He assures you this is not a façade. Over the next hour, the 53-year-old younger sibling of Assam chief minister Tarun Gogoi shows he is more at home discussing Bernard Shaw, Oscar Wilde and Navakanta Baruah than his political fate.
There is also his impending marriage to think of, and Dip is anything but coy about it. “Yes, I am finally getting married to a young girl from Elengmora. I have been feeling the need for a companion to tide over the bouts of loneliness that visit me, and rather frequently at that, nowadays,” he says. The comment gives an insight into the mental make-up of the man who is perceived both within and outside the Congress as a beneficiary of dynastic politics.
The soft-spoken Dip attributes his entry into politics to fate, but is anything but apologetic about it. He also admits that having a chief minister and five-time MP for a brother is a blessing. But make no mistake. Dip is his own man.

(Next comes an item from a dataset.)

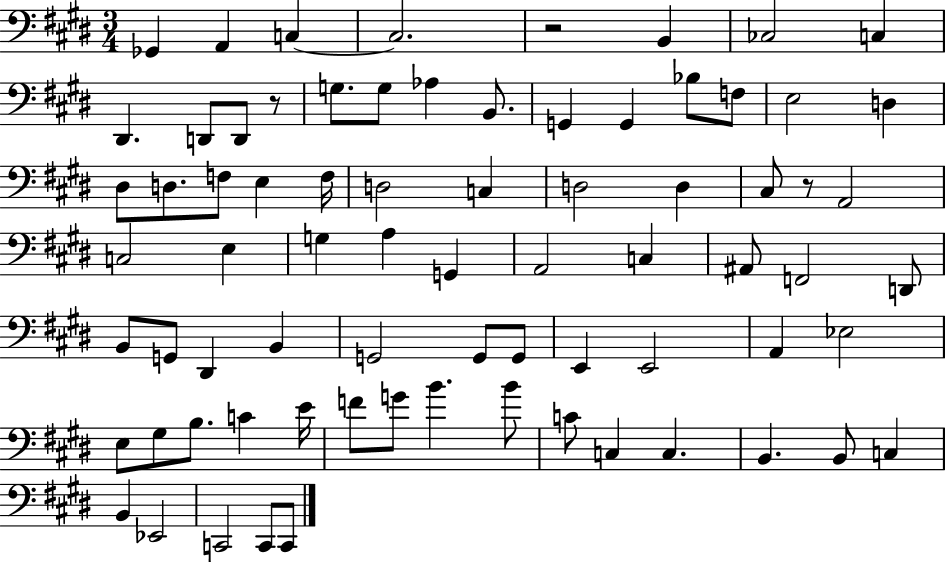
Gb2/q A2/q C3/q C3/h. R/h B2/q CES3/h C3/q D#2/q. D2/e D2/e R/e G3/e. G3/e Ab3/q B2/e. G2/q G2/q Bb3/e F3/e E3/h D3/q D#3/e D3/e. F3/e E3/q F3/s D3/h C3/q D3/h D3/q C#3/e R/e A2/h C3/h E3/q G3/q A3/q G2/q A2/h C3/q A#2/e F2/h D2/e B2/e G2/e D#2/q B2/q G2/h G2/e G2/e E2/q E2/h A2/q Eb3/h E3/e G#3/e B3/e. C4/q E4/s F4/e G4/e B4/q. B4/e C4/e C3/q C3/q. B2/q. B2/e C3/q B2/q Eb2/h C2/h C2/e C2/e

“I have been closely associated with the party since 1971. I was appointed president of the Jorhat Youth Congress by the late Rajiv Gandhi in 1984 in very trying times, at a time when being identified with the Congress was viewed as being socially and politically incorrect,” he recalls.
Quoting from Oscar Wilde’s Picture of Dorian Gray, he says, “No life is spoiled except whose growth is arrested.” Going by his career graph, Gogoi junior is growing rapidly.
Congress legislator Gautam Bora, from Dhing, is sure Dip will retain the Kaliabor Lok Sabha seat, which was vacated by his brother in 2002. Before contesting Kaliabor, he had won the Titabor Assembly seat, which he vacated for his MP brother after the Congress returned to power in 2001.
Dip says politics is a “nasha (addiction) rather than a pesha (profession)” for him. His real vocation is tending to a hatchery and fishery farm on the outskirts of Jorhat — and to which he intends to return full-time after finishing with politics.
During an interaction with voters, Dip admits to having done little for them. “I got very little time, most of which was spent adjusting to my new role. I am aware of the problems (flood, border and unemployment) in my constituency. Parliament proceedings will show whether I open my mouth or not. I had asked Ajit Singh, the then agriculture minister, why we are lagging behind China in foodgrain production though we have more cultivable land. His answer was not convincing.”
His priorities are to ensure that the ambitious east-west corridor extends to Arunachal Pradesh through his constituency, reopening the Stillwell Road and “doing something” for his constituency.